Lesson 4 - Combining Results with Set Operators

Welcome to Set Operators

Joins combine tables side by side, matching rows column-by-column. Set operators combine query results a completely different way: they stack rows vertically, lining up columns. When the data you need is split across tables that share the same shape — say, sales for 2021 in one table and sales for 2022 in another — set operators are the tool that brings them back into a single result.

Imagine you are asked for total sales across 2021 and 2022, only to discover each year lives in its own table. Older data often sits in separate, cheaper-to-maintain tables precisely because it is queried less often. To total it, you first have to stack the tables. That is what set operators do.

By the end of this lesson, you will be able to:

  • Stack query results with UNION and UNION ALL
  • Keep only rows common to two results with INTERSECT
  • Subtract one result from another with EXCEPT
  • Write valid compound select statements and respect their rules

You will work with versions of the Chinook invoice table split by year. Let’s begin.

Data for this lesson

Database: chinook.db — a digital music store (SQLite).

Tables used: track

Open it in any SQLite client — DB Browser for SQLite, the sqlite3 CLI, or Python’s sqlite3 — to run every query yourself.


Joins vs. Set Operators

It helps to picture the difference:

  • A join aligns tables horizontally.
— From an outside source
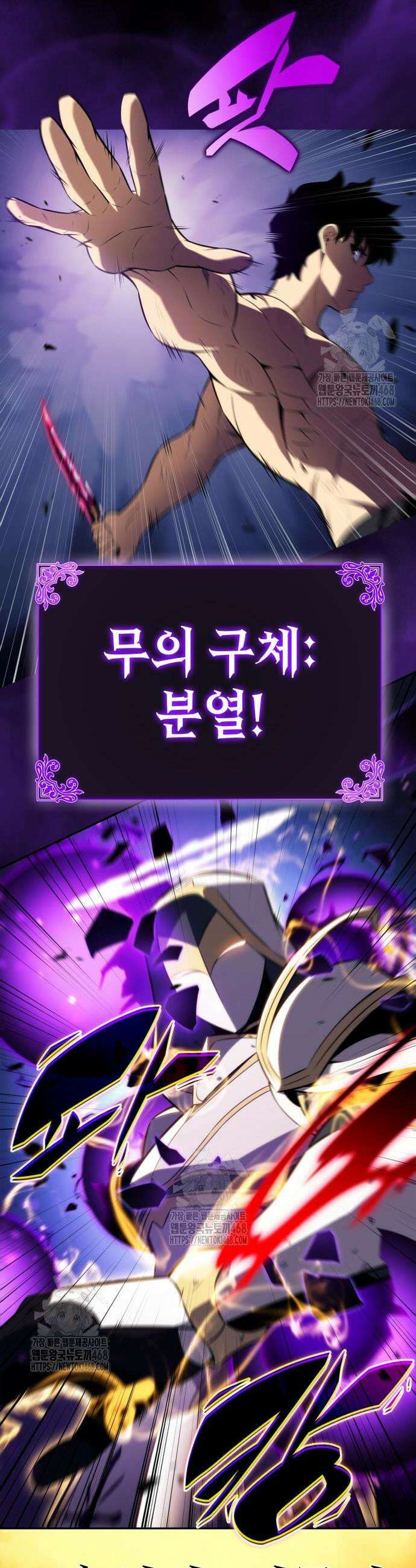 회귀한 공작가의 막내도련님은 암살자 95화 9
It adds columns, matching rows on a condition. The result is wider.
  • A set operator aligns results vertically. It adds rows, lining up columns by position. The result is taller.

The name comes from mathematics: the union, intersection, and difference of sets, the same ideas you may have drawn as Venn diagrams. SQL gives you one operator for each.

For these examples, the Chinook database has been split into year-based invoice tables:

  • invoice_2021q1_2022q2 — invoices from the start of 2021 through the second quarter of 2022
  • invoice_2022q1_2022q4 — invoices from the year 2022
  • invoice_2023q1_2023q4 — invoices from the year 2023
  • invoice_2024q1_2024q4 — invoices from the year 2024

Splitting data this way is common in practice, so learning to recombine it is a real skill, not just an exercise.


UNION: Stacking Results

UNION stacks the rows of two results into one. Take two small tables:

table1                 table2
------------           ------------
number | name          num | name
-------+--------       ----+--------
1      | Zito          3   | Arthur
2      | Miguel        4   | Therese
3      | Arthur        5   | Francisca
4      | Therese       6   | Bruno

Combine them with UNION:

SELECT *
  FROM table1

 UNION

SELECT *
  FROM table2;

The result contains every row from both — but each unique row only once:

number | name
-------+----------
1      | Zito
2      | Miguel
3      | Arthur
4      | Therese
5      | Francisca
6      | Bruno

Arthur and Therese appear in both tables, yet show up once. In Venn-diagram terms, UNION is everything in either circle.

So, to fetch every invoice from either 2021 or 2022, you stack the two relevant tables:

SELECT *
  FROM invoice_2021q1_2022q2

 UNION

SELECT *
  FROM invoice_2022q1_2022q4;

Compound Select Statements

That query is your first compound select statement: two or more SELECT statements joined by a set operator. It is more precise to say set operators combine the results of SELECT statements than to say they combine tables. The general shape:

SELECT statement

SET_OPERATOR

SELECT statement;

Compound select statements come with strict rules:

  • Same number of columns. Every SELECT must return the same count of columns.
  • Aligned data types. The first column of each SELECT must share a type, the second columns must share a type, and so on. Columns line up by position, not by name.
  • ORDER BY and LIMIT come last. They may appear only after the final SELECT, and they apply to the whole combined result.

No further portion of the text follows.